Exercise description:
The lines from the start of the data up to and including the one with "Your Ultimate Best" should be returned exactly, and nothing else.

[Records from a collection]
:::::
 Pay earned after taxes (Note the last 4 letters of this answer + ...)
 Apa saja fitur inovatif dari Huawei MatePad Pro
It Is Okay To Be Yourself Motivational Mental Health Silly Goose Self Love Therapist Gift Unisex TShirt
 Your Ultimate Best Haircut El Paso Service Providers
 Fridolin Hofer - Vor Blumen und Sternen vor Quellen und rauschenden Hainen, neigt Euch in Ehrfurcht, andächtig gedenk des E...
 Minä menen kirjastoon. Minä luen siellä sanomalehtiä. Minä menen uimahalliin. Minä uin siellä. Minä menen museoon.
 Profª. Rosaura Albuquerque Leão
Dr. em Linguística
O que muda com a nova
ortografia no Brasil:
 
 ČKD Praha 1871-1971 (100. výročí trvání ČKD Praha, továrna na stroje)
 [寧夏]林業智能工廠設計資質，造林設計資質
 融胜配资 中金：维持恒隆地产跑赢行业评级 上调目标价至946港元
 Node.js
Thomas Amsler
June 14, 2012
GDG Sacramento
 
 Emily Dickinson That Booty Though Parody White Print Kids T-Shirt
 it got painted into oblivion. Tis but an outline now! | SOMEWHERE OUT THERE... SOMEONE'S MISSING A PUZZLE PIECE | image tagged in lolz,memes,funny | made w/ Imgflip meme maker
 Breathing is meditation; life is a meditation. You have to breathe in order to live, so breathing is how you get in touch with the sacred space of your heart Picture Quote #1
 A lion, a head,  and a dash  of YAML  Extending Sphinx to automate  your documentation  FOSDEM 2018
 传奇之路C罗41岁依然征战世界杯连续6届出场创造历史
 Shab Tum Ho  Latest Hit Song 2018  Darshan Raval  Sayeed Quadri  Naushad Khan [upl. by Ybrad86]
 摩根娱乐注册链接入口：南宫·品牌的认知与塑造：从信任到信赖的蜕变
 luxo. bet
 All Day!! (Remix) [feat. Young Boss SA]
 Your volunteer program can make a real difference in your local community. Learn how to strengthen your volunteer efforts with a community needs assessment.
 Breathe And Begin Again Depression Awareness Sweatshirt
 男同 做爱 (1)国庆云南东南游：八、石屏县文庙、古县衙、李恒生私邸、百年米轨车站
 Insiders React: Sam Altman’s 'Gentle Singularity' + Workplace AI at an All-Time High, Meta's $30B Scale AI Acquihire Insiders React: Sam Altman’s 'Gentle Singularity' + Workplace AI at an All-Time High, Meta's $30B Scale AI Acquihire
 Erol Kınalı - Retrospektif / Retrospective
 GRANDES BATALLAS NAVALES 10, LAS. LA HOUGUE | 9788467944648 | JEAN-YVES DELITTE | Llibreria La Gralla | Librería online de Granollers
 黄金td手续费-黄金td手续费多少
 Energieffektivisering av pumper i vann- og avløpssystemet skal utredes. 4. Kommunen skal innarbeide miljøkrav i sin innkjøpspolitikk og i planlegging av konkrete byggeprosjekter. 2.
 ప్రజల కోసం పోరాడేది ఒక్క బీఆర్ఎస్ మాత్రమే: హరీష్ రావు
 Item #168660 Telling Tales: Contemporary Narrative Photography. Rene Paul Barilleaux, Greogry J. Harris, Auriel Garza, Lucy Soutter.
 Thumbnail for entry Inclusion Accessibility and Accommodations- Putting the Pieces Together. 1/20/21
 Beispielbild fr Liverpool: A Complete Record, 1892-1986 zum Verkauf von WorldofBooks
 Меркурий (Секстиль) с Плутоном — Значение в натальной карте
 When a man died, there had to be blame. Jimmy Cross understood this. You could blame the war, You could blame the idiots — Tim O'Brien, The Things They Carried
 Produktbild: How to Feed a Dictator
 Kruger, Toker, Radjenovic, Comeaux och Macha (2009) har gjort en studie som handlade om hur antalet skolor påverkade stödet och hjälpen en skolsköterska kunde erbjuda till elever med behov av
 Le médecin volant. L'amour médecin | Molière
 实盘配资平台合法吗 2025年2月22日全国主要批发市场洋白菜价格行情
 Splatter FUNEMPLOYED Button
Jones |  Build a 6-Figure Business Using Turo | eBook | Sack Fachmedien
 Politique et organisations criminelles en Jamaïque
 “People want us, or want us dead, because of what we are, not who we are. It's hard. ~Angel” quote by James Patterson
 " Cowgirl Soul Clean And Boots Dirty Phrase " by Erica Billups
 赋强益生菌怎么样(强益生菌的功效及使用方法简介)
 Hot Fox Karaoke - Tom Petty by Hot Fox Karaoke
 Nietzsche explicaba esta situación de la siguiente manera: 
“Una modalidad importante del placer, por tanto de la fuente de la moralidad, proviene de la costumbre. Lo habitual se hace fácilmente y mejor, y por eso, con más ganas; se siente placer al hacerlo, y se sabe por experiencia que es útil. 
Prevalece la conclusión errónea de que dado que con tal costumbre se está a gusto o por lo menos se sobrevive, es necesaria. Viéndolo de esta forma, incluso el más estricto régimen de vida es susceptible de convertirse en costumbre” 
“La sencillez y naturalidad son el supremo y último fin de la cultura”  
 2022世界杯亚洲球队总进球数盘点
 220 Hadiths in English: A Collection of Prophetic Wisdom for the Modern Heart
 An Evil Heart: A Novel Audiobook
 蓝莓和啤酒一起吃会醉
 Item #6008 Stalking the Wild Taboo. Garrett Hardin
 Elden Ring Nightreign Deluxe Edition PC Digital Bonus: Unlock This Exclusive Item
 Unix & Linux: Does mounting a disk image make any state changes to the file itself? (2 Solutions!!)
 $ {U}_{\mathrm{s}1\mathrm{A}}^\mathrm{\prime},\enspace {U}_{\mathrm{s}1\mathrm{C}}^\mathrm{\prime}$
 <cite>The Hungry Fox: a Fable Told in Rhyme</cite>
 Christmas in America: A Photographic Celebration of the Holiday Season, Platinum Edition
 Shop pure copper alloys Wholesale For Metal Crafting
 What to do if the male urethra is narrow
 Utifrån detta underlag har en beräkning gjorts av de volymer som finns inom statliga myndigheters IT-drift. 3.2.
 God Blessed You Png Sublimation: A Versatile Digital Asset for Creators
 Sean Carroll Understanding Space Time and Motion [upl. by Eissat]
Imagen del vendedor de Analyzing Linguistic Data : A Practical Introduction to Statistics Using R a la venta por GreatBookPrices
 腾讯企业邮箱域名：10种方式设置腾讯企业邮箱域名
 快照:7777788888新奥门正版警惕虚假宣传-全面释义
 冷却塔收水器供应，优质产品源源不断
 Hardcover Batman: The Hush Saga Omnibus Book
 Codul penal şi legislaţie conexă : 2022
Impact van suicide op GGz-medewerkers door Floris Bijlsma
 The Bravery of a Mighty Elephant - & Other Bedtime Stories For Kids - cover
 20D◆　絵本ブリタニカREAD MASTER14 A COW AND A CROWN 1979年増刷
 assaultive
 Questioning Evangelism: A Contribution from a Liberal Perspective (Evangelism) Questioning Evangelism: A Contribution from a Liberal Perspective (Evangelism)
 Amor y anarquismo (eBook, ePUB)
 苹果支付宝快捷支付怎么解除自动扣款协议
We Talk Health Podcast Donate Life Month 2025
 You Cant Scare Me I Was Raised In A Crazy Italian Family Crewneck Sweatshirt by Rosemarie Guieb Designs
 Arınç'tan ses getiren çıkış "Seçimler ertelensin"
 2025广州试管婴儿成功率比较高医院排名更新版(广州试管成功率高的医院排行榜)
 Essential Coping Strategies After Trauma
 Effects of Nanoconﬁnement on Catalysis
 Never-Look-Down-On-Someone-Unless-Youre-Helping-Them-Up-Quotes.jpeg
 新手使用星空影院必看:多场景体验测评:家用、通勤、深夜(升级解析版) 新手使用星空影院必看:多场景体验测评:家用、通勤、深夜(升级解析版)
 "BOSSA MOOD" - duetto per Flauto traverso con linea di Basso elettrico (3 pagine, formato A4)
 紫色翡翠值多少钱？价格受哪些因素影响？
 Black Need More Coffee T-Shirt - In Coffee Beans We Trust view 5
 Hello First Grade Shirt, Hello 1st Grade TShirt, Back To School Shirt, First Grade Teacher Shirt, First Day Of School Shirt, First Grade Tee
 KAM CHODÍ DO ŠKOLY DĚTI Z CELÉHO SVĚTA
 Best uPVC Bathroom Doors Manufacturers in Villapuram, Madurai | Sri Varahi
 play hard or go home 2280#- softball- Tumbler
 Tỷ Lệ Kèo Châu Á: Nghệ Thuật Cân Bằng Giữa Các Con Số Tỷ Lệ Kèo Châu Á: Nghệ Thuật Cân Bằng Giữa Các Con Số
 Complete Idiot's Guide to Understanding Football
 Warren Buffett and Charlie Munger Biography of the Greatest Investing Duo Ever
:::::
Task output:
 Pay earned after taxes (Note the last 4 letters of this answer + ...)
 Apa saja fitur inovatif dari Huawei MatePad Pro
It Is Okay To Be Yourself Motivational Mental Health Silly Goose Self Love Therapist Gift Unisex TShirt
 Your Ultimate Best Haircut El Paso Service Providers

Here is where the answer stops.